What does this have to do with sending troops to Afghanistan? Obama has made this decision after careful consulting with his military advisers. He is not about to make a decision that will step on the wrong toes. If he alienates too many important people, the career that has become his life will be over. Seriously—if he weren’t a politician, what would he do? Write people’s wills? Work for Edgar Snyder?

It is not a partisan problem. There are just as many political careerists on the Republican side. While it’s good that politicians have been well trained in the nuances of creating laws, something has also been lost. There is a certain hesitancy to be decisive if it means being unpopular.

When President Truman fired the popular General MacArthur at the height of the Korean War, it was political suicide. While Truman has been resurrected as a folk hero, people forget that he left office with some of the lowest approval ratings in history. Similarly, when President Johnson signed the Civil Rights Act of 1964, legend has it that he told an aide, “We [the Democratic Party] have lost the South for a generation.” And they did.
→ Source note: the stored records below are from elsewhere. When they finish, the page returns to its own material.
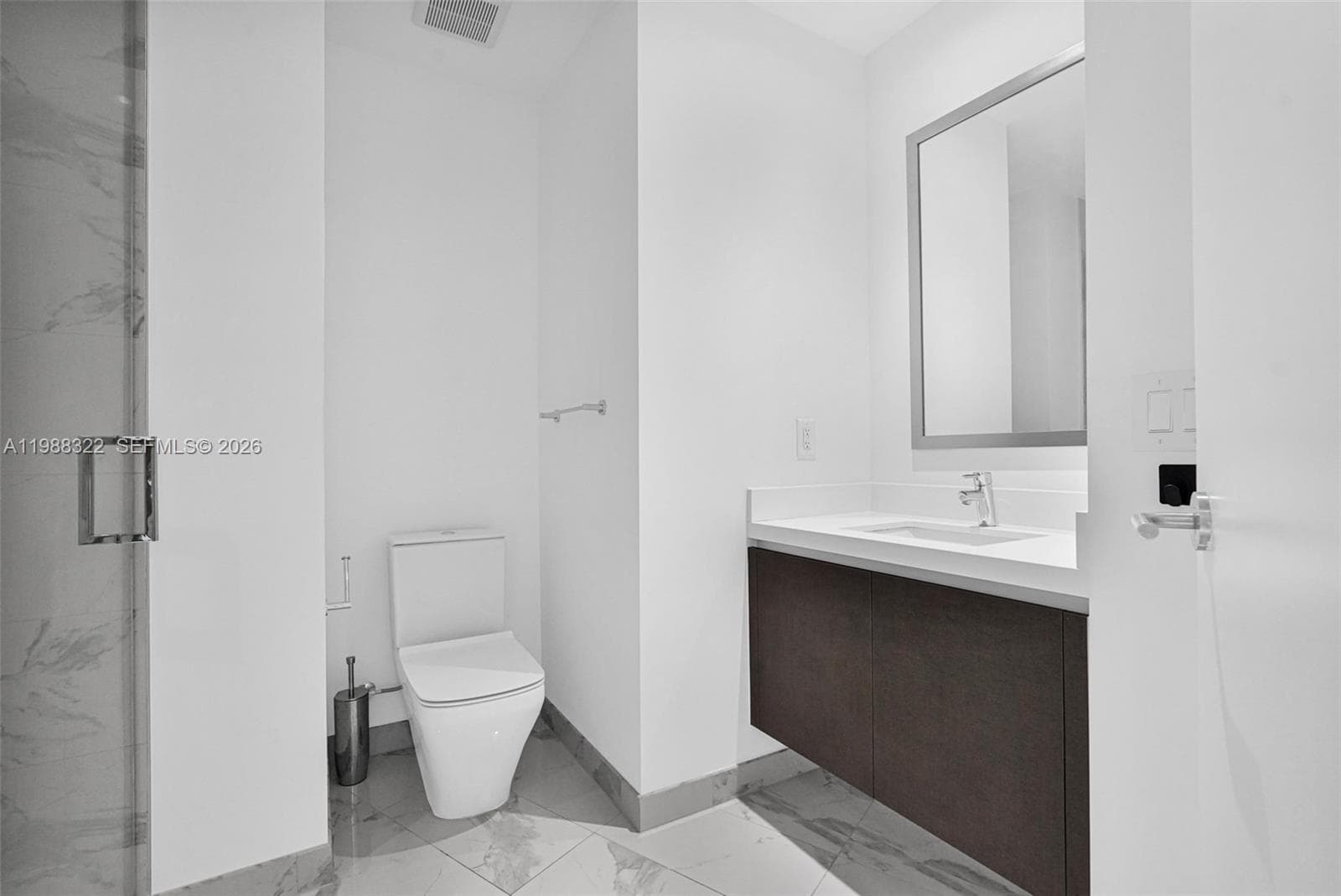 851 NE 1st Ave # 2912, Miami FL 33132 — 32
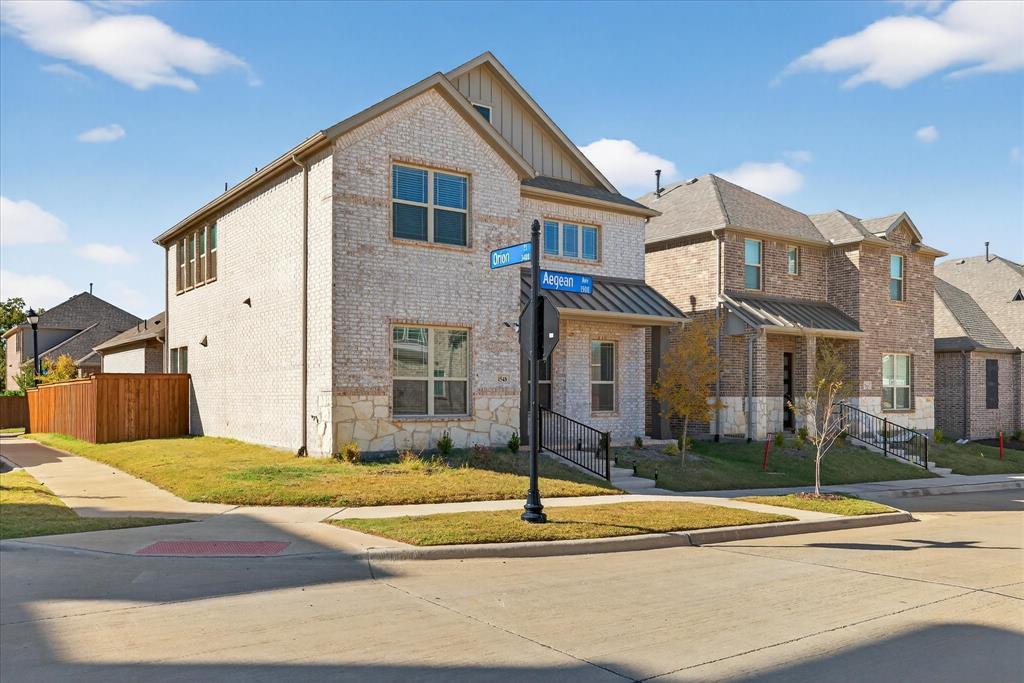 1548 Euclid Alley, Corinth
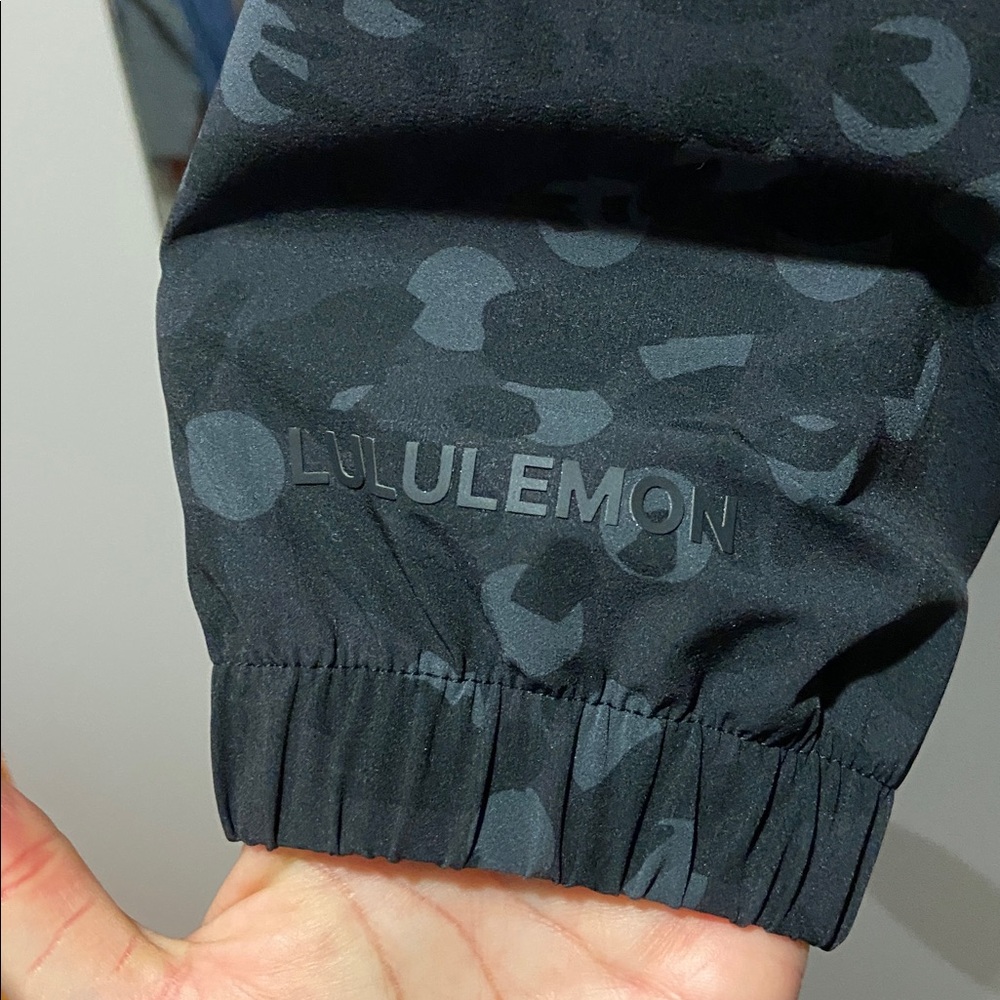 Lululemon Windbreaker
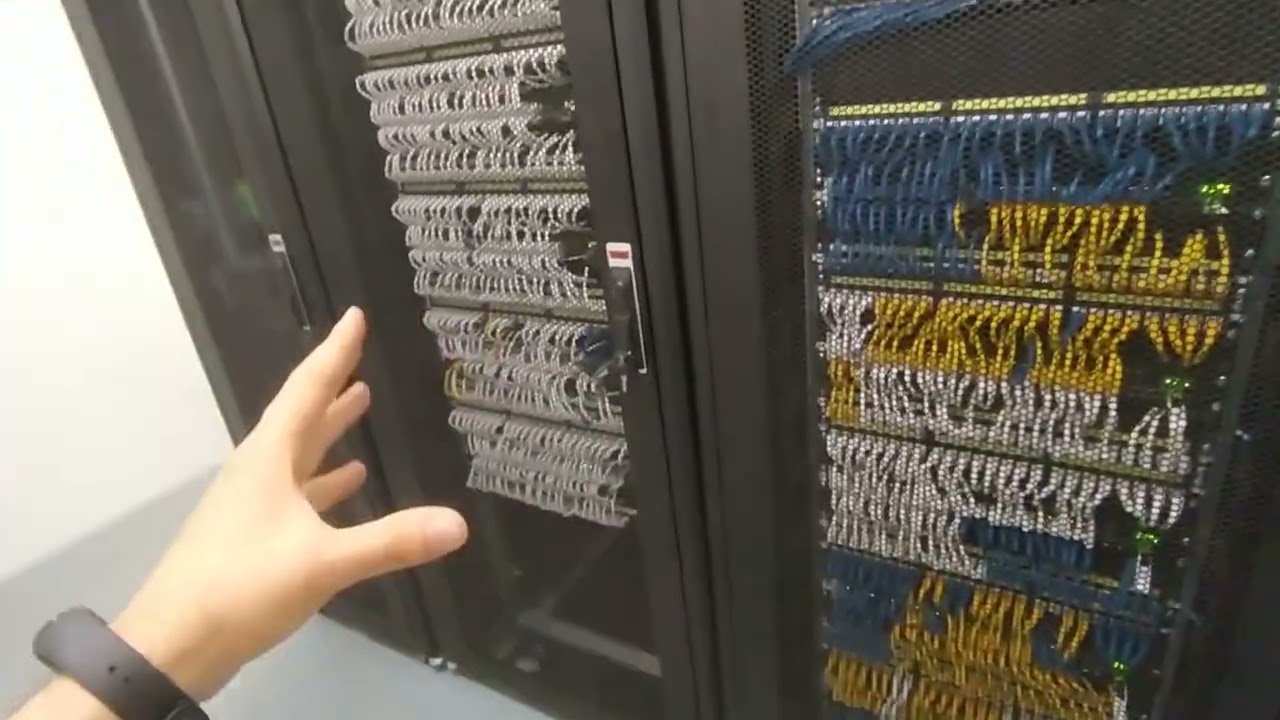 SİSTEM ODASI | Bilgi İşlem Server Odasında Hangi Cihazlar Bulunur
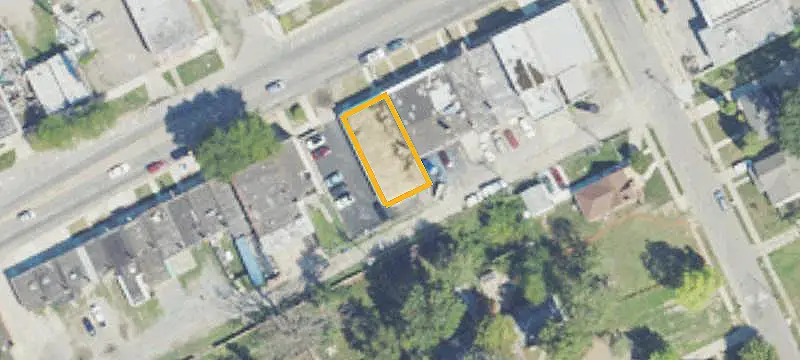 Storefront Property with Rear Paved Space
In both cases, Presidents weren’t afraid to stick their necks out to do something that they thought was right, even if they knew it would hurt their careers. It’s hard to see anybody in Washington being that brave today.

Barring the faux-Mayan apocalypse that some people believe in (which wouldn’t happen until after Election Day, anyhow), I will vote for Obama again in 2012, mainly because I think the balance on the Supreme Court is too precarious to allow a right-wing President to appoint conservative judges to that body. But that’s another blog entry.

Meet the new boss. Not quite the same as the old boss, but maybe not different enough to really matter. It may not be change we can believe in, but it may be the only type of change that’s believable.